Klaus Iohannis said “things have gone off the rails” and there is a “political necessity to replace the government” which he called an “accident of democracy”.

Romania is due to take its turn leading the EU presidency for a six-month period from 1 January.

But with the country facing its own political turmoil, Mr Iohannis has called for the Romanian government to step down instead.

“It’s the 12th hour [and] we are totally unprepared,” Mr Iohannis said.

“There’s no chance of a good government… or proper involvement in European affairs.

“It’s unclear at the government who the responsible people are.

“People who should be dealing with the EU presidency resign or they’re dismissed.”

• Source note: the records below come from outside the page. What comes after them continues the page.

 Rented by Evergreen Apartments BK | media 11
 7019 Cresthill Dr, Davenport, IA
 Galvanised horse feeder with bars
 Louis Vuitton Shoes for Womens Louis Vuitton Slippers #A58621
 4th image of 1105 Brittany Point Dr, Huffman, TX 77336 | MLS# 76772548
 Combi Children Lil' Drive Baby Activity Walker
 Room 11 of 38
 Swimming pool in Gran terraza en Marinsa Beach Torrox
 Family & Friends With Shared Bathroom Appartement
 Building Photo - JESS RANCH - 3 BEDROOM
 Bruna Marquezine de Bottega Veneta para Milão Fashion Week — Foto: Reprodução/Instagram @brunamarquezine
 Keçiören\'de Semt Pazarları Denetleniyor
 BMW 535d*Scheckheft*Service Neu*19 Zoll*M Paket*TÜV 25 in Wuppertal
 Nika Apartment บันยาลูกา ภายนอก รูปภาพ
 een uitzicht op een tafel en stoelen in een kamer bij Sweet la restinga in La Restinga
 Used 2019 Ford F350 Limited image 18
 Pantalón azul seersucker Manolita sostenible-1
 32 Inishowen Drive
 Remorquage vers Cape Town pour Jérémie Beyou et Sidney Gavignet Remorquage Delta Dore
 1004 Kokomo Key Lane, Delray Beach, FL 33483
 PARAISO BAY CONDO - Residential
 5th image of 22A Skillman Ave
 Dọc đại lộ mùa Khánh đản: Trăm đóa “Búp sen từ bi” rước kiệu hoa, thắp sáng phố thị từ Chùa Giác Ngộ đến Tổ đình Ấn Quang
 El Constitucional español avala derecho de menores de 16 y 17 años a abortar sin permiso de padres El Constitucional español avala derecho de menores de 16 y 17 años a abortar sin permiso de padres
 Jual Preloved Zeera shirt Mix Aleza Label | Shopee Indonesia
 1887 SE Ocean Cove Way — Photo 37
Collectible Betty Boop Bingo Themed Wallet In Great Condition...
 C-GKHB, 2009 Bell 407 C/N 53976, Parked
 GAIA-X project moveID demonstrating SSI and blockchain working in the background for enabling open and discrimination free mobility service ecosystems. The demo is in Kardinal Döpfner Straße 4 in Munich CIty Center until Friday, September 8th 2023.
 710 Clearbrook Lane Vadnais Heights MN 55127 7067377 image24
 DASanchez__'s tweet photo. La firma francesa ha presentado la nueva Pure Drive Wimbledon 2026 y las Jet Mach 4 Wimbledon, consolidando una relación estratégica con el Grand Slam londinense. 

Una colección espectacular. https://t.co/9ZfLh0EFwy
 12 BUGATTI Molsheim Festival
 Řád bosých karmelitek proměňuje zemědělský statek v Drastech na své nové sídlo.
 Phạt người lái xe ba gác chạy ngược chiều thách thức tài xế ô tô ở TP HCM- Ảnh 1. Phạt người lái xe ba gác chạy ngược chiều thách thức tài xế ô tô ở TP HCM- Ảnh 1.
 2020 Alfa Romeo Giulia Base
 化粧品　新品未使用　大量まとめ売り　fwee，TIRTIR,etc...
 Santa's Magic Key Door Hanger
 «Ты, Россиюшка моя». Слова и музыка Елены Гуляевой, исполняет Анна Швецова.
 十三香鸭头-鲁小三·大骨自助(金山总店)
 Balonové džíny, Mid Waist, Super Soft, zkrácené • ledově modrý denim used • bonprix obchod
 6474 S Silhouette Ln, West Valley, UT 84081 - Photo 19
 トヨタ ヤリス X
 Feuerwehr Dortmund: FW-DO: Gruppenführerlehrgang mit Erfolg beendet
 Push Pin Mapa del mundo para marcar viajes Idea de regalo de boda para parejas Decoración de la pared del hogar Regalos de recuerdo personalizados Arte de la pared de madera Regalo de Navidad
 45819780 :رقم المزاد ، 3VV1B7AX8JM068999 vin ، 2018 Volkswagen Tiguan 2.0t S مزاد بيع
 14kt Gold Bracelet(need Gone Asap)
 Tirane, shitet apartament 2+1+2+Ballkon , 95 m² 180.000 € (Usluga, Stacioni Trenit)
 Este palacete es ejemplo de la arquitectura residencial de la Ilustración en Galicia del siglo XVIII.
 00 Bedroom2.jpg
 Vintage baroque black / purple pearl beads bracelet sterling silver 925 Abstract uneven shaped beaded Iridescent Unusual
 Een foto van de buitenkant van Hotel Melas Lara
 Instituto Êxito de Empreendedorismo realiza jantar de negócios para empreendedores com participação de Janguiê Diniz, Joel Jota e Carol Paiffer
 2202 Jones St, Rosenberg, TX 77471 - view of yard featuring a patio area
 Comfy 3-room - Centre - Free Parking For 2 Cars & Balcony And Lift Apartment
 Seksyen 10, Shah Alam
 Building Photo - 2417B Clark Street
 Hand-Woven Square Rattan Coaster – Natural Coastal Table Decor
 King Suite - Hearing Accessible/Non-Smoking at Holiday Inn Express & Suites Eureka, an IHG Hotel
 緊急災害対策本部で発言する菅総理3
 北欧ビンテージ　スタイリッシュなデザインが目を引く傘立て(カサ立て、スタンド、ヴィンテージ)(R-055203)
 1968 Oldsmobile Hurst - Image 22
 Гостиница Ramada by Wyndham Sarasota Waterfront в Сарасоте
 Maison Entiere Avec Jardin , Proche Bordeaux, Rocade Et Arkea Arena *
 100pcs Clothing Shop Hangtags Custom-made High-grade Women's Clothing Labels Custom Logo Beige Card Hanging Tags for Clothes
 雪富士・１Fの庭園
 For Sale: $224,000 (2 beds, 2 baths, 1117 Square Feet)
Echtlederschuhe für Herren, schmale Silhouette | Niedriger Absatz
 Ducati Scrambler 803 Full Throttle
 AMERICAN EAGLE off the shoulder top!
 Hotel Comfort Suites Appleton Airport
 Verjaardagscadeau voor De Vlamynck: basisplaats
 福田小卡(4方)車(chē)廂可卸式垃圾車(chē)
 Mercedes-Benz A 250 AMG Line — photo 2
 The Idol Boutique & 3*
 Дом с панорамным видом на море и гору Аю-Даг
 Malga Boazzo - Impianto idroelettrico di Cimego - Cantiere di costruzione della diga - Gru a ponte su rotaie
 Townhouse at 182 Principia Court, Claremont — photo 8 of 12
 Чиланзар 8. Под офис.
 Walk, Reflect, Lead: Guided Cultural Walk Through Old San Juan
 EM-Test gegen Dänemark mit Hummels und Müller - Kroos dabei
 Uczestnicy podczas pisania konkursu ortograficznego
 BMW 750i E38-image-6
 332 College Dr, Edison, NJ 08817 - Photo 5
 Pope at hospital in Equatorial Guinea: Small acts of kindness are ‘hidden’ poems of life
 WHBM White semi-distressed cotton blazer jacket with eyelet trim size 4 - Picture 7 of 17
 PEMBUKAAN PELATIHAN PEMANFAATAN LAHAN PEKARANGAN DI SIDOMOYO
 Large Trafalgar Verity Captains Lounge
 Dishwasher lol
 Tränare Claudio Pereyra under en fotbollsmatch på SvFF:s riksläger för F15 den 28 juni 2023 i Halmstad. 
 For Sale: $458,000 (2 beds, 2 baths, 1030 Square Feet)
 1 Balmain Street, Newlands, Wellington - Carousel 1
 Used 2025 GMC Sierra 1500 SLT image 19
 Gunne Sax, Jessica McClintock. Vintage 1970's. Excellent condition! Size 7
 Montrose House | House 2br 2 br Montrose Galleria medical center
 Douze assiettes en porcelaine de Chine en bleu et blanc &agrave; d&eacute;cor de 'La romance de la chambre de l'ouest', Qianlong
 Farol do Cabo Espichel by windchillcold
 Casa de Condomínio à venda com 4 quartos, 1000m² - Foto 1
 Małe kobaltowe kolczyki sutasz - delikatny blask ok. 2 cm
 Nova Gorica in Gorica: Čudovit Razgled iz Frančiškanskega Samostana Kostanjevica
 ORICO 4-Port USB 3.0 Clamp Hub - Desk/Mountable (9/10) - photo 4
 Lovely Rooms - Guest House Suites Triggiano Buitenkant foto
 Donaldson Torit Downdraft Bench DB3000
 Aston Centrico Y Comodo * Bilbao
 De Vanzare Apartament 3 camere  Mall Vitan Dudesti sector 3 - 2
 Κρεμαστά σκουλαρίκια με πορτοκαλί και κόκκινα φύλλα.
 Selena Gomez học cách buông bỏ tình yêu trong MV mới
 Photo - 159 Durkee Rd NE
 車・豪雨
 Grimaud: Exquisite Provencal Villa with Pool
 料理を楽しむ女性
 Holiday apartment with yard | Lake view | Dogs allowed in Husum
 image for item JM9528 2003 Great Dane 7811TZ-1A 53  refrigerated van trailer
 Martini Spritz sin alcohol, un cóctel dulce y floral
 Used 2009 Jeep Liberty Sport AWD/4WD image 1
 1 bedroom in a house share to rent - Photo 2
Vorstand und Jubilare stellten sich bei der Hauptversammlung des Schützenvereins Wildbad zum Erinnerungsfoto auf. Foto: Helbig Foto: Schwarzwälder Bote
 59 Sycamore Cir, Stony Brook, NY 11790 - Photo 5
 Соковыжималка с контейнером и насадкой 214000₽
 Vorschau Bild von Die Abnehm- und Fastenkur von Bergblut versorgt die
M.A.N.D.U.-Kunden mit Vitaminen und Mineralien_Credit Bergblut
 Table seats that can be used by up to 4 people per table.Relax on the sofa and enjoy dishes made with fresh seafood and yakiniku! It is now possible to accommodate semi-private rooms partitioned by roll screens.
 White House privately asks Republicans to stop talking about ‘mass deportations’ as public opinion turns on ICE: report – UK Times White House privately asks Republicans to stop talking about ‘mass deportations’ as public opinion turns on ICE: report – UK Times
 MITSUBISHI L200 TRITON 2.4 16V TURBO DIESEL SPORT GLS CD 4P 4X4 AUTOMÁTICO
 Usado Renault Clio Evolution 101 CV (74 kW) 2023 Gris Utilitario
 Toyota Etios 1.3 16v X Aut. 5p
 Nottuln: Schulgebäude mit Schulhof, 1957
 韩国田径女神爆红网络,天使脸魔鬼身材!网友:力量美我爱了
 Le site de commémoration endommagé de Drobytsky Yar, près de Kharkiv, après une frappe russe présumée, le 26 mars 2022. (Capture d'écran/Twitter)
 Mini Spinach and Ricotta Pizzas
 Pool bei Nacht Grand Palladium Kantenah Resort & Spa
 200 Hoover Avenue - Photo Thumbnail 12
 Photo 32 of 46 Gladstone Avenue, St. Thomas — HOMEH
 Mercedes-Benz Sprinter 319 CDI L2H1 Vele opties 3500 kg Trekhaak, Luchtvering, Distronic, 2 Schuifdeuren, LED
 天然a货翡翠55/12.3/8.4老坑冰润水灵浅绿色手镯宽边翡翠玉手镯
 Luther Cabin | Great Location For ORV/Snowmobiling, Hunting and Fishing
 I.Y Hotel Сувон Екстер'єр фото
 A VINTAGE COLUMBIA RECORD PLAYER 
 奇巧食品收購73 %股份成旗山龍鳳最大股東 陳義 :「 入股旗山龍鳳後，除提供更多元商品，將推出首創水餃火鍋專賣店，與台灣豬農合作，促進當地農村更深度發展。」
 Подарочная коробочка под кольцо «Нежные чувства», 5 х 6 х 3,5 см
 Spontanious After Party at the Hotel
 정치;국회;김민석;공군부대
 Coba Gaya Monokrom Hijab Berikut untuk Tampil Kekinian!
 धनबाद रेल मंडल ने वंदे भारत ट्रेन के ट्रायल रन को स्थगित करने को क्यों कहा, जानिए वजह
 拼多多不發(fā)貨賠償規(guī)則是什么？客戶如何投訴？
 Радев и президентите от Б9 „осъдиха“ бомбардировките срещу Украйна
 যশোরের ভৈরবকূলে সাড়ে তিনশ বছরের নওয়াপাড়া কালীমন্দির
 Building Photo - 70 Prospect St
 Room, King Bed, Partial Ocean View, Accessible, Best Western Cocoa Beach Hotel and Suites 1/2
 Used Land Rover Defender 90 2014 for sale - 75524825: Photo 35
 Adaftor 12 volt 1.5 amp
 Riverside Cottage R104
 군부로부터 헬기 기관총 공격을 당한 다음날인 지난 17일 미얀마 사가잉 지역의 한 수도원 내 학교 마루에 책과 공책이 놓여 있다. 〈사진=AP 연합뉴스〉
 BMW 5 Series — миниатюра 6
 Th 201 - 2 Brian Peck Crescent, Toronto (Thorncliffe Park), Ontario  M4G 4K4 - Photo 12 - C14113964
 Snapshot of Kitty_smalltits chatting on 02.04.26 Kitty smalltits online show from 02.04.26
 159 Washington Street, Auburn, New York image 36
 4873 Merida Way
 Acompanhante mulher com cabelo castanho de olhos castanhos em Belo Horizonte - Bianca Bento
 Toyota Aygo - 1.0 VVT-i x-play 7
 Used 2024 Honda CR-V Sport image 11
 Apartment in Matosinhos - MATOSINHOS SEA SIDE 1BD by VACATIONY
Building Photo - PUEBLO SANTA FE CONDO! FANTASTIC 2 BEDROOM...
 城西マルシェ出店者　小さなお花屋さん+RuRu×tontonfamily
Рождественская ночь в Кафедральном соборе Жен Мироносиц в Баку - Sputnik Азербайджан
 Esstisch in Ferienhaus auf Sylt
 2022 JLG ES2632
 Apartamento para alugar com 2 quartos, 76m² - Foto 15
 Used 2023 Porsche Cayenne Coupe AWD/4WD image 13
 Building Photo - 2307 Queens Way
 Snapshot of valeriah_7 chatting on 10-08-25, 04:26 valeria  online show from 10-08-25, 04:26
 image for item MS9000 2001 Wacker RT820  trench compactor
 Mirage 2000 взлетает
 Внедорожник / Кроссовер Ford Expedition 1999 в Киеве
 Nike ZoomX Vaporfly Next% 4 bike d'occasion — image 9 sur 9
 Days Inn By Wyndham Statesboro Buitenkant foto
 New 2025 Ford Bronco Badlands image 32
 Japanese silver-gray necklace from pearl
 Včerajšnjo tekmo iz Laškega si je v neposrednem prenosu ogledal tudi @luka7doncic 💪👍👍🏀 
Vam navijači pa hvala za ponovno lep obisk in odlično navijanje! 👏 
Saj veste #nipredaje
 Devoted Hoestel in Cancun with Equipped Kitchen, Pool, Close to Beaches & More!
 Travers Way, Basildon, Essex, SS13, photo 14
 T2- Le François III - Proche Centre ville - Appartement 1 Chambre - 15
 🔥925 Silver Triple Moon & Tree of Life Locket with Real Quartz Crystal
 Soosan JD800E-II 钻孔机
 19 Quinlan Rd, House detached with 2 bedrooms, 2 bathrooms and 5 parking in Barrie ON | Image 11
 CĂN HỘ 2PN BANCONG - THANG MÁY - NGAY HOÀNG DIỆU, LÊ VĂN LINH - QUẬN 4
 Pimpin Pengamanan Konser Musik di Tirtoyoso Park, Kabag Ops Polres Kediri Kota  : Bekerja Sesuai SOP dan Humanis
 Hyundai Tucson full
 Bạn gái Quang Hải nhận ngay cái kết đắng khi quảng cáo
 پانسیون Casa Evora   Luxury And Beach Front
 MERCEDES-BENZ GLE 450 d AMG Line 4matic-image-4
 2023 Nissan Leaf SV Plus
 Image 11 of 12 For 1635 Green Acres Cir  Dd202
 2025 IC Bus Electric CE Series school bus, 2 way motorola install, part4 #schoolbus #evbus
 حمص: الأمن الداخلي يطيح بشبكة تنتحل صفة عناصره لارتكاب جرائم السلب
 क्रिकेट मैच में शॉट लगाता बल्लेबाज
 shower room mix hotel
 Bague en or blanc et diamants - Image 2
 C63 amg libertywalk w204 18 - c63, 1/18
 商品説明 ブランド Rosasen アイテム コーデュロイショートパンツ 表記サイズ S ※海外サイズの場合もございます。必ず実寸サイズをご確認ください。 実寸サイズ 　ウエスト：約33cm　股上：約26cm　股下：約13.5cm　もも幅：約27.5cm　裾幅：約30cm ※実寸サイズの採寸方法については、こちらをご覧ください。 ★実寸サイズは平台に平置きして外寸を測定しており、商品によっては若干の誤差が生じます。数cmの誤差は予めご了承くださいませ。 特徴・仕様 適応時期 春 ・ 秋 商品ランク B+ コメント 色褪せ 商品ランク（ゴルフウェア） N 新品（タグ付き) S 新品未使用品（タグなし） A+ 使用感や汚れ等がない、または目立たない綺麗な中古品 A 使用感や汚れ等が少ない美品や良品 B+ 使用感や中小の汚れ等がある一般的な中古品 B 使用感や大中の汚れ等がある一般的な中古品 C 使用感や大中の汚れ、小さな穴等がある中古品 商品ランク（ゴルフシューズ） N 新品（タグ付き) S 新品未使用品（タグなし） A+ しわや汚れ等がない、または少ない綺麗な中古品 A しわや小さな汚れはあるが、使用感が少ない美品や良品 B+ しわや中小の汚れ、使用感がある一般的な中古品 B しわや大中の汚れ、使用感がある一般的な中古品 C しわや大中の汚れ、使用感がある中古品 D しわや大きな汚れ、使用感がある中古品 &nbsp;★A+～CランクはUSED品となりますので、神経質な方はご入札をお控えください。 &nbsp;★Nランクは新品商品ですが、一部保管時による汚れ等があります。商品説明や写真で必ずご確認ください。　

The president’s remarks come after Romania’s European affairs minister Victor Negrescu, who was tasked with preparing the country to take over the EU presidency, unexpectedly resigned last week.

Meanwhile, Viorica Dancila became Romania’s prime minister earlier this year but has little executive power.

:: Tens of thousands in Romania corruption protest

Liviu Dragnea, who is chairman of the ruling Social Democratic Party, effectively runs the Romanian government but cannot be prime minister because of his previous convictions for fraud and election rigging.

Most recently, he was sentenced to three and a half years in prison in June after it was discovered that he kept two women on the state payroll even though they worked for his party.

He was also convicted of inciting others to abuse of office and protesters have called for his resignation.

Romania is already facing censure from the EU over a judicial overhaul which EU members say undermines the fight against corruption.

The country’s parliament tried to weaken its anti-corruption laws, to add a financial threshold which would stop people being so harshly punished if the bribe was less than €44,000 (£38,000).

It would have freed several prisoners and halted investigations into other politicians.

In Romania, the president is the head of state while the prime minister is the head of the government. The president is elected by popular vote for a maximum of two five-year terms.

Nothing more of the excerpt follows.